風力発電が気候を変える?
最近、風力発電用の風車が多数設置された強風地域で、平均風速が低下して風害の減少が期待されていると言う報道がいくつかあった。
風害の減少自体は好ましいことだが、大規模な風車群が多数建設されると気象や気候に影響する可能性がないとはいえない。これが少々心配だ。
なぜならば、風は地球全体の気候を穏やかにする役目を担っているからだ。高緯度地方から吹く風は冷熱を、低緯度地方から吹く風は温熱をそれぞれ中緯度地方に運び、混合することで高緯度地方の寒さと低緯度地方の暑さをともに緩和している。大規模な風車群が局部的とはいえ風の状態を変えると、これが全体に影響して地球全体の熱移動のパターンを変化させるかもしれない。
気象はカオティックな現象であり、全く同じことは繰り返さない。また、小さな差異が時間とともに拡大し大きな差になることもある。それを表現する「バタフライ効果」などと言うジョークがあるぐらいだ。だから、今日建設された大規模風車群が数十年後に猛烈な熱帯性や温帯性暴風を多発させたり、千年後に氷河期をもたらしたりしない保証はない。

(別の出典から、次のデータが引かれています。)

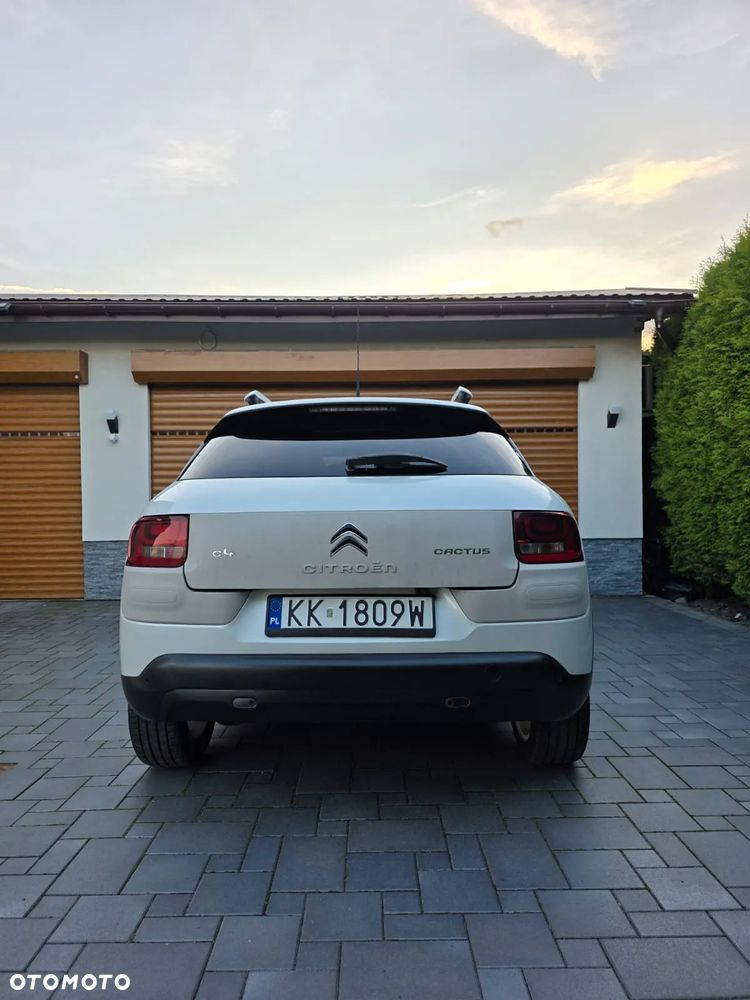Citroën C4 Cactus Pure Tech 110 Stop&Start Selection - 9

現時点でそのようなシミュレーションは行われていないが、総発電量がGwHクラスの大風車群があちこちに建設されるようになるとどうなるか、人類がこれまでに繰り返してきた予測不十分による「想定外」の災害を防ぐためにも、十分な研究を行って気象や気候への影響が少ない建設の仕方(風車群の建設地の決定方法など)を明らかにしてほしい。
追記;
気象現象のカオス性から言えば、大都市化とそこでのエネルギー大量消費が気候に影響を与えている可能性も研究する必要があるだろう。大都市というホットスポットの出現が、地球の熱循環を変化させている可能性も完全には否定できないからだ。